My son and I came home one day to find a leaflet from our local Kingdom Hall. It was an invitation to their annual commemoration of Christ’s crucifixion tonight – April 14.
Do any of you know more about the JW’s beliefs about this? I tried searching their website a few years ago and was frustrated by what I couldn’t find there. My understanding is that they deny the divinity of Christ as well as His bodily resurrection.
Thanks for any knowledge you can provide.
Gertie the curious
The invitation was to what the Jehovah’s Witnesses call: “The Memorial of Christ’s Death.”
According to their understanding of events, Christ commanded that his death, not his resurrection, be memorialized. Like the Passover, the JWs believe this Memorial should be commemorated only annually.
On the night of the Memorial, Jehovah’s Witnesses assemble to hear a sermon which generally covers the following:
- Jesus died to offer a ransom to free humanity from sin.
- Jesus is now the mediator of the New Covenant between God and 144,000 human beings who replace natural Israel as God’s people.
- Only those who are of this select group of 144,000 may partake of the emblems of unleavened bread and wine (which are passed around at the end of the meeting).
- Only the 144,000 may hope to live in heaven where they will share in Christ’s 1000-year rule of earth.
- All others can hope to live under that rule on earth (they do not go to heaven)
- God began selecting this select group of the 144,000 in the 1st century.
- No others but the remaining ones of 144,000 may partake of the emblems since they are not in the New Covenant.
Up to now the Jehovah’s Witnesses have officially taught that “proof” that we are facing the end of the world can be found in the dwindling number of those who partake at their annual Memorial gathering. Around 1990 the number of Memorial partakers was around 8,800. The number of “remaining” ones jumped upwards of 5000 since to over 13,000 last year. Members of the JWs are assigned to watch and make a report of each person who partakes of the bread and wine at each Memorial gathering and send the report to their world headquarters in New York.
For almost a century the official teaching of the JWs was that God ended the call to become a member of the 144,000 in the year 1935. With little reason why, the current Governing Body (their main teaching group) has recently dismissed this teaching, even though they excommunicated many up till then who explicitly disagreed with the 1935 date.

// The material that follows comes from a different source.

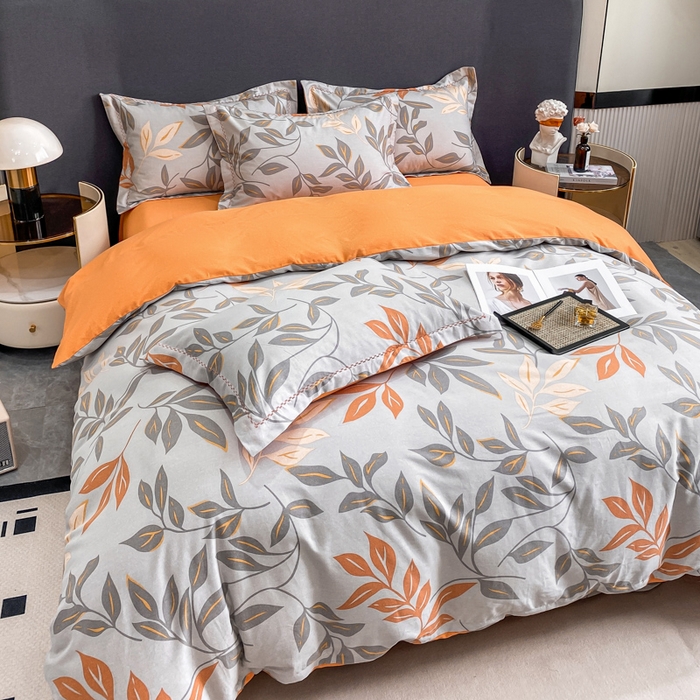 91家纺网 家纺一手货源 找家纺 凌鼎 2025新款100%全棉磨毛四件套数码印花加厚纯棉磨毛四件套 叶叶情深灰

The Divinity of Jesus as Defined by the Watchtower
They will claim that they do not deny the divinity of Christ, even though they do not believe in the Holy Trinity. Their official teaching to date has been that St. Michael the Archangel laid down his angelic life to be born as a perfect human through the Virgin Mary (yes “Jesus” doesn’t exist, it’s just St. Michael in disguise). Since angels can be said to be “godlike,” the Witnesses will claim that this means their belief in Jesus includes belief in his divinity. However they do not believe that Jesus is God, and their use of the term “Son of God” is limited to the English language use of “son,” namely an offspring and not the Semitic and ancient Roman use of the expression “Son of God” which meant an earthly incarnation of a deity.
No Bodily Resurrection Since Jesus is St. Michael the Archangel
They do indeed deny belief in a bodily resurrection. Their reasoning is that God’s justice demands the physical payment of a dead human to balance the scales of justice: a perfect human life to counter the sin of Adam who lost his human life. Therefore to them it is not the value of Christ’s shed blood but the literal offering of a dead human life that St. Michael was able to satisfy God’s justice with. The dead body of the human is part of the appeasement to Jehovah that must be included, they claim, otherwise the ransom will not satisfy.
If St. Michael was resurrected in bodily form, they reason, the archangel would have had to “take back” what he had “offered,” namely a perfect human form and life. Therefore “Jesus’” physically vanished in the tomb so Jehovah’s wrath could be appeased by his dead human form, but St. Michael came to life again as the archangel since he proved faithful and didn’t deserve to die himself.
They mistakenly refer to this “return to life as a spirit being” as “resurrection,” even though the Greek word for “resurrection” means a “physical reanimation” or a “standing up again” of a corporeal (non-spirit) person.